Two servers appears to work!

you are viewing a single comment's thread
view the rest of the comments
[–] [email protected] 2 points 2 days ago (5 children)

Pihole is cool but why not just run unbound on your firewall

[–] ohshit604 1 points 2 days ago* (last edited 2 days ago) (4 children)

I tried running unbound + PiHole however, my experience was less than ideal.

I was able to forward all DNS queries without issues however, PiHole wasn’t receiving response times from unbound which caused some of my other docker containers to bug out with timeout errors.

PiHole makes monitoring the network convenient which is kinda why I don’t wanna lose it, unbound doesn’t appear to have a web-ui natively.

[–] [email protected] 2 points 2 days ago (3 children)

Ive been using it with opnsense and it has a lot of built in logging and reporting.
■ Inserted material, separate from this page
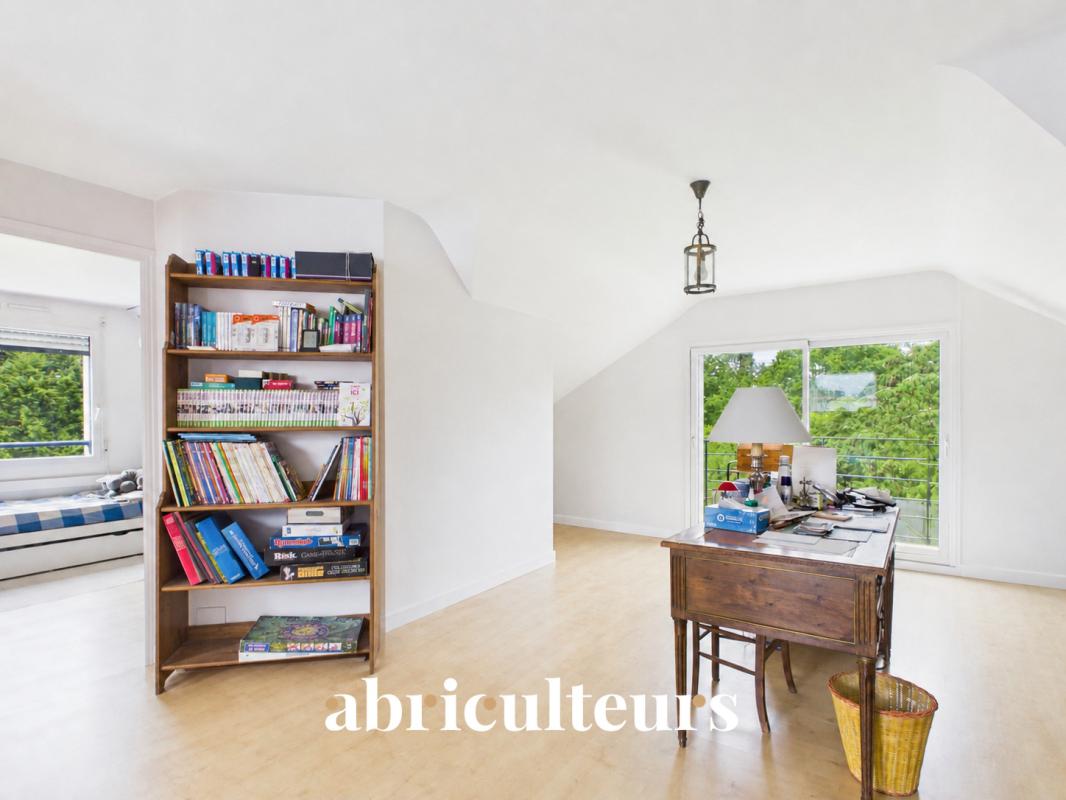Intérieur d’une maison familiale à Carnac Intérieur d'une maison récente avec bureau et bibliothèque, lumière naturelle abondante.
Maybe not as pretty as pihole but it works great

[–] ohshit604 1 points 2 days ago* (last edited 2 days ago) (1 children)
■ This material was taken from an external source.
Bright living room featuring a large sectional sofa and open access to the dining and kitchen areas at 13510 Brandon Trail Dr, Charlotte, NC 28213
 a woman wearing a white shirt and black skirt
Ive been using it with opnsense and it has a lot of built in logging and reporting.

Never did a lot of research into opnsense, from what I can see it’s a whole OS. I might consider it because I feel Proxmox (which I use currently for my host OS) isn’t getting utilized to its fullest.

Maybe I’ll go network monitoring instead of virtual environment spin-ups 🤔

[–] [email protected] 1 points 2 days ago (1 children)
[–] ohshit604 1 points 2 days ago* (last edited 2 days ago)

Huh, while I was typing this comment I decided to read the minimum hardware requirements and turns out I only need to reserve 2 cores for the vm.

While I’m not exactly hosting proxmox on server grade hardware, I think I can spare 2 maybe 3 cores, 4 is a bit of a stretch I think given that 6 are already reserved for my headless Debian 12 vm + Docker engine.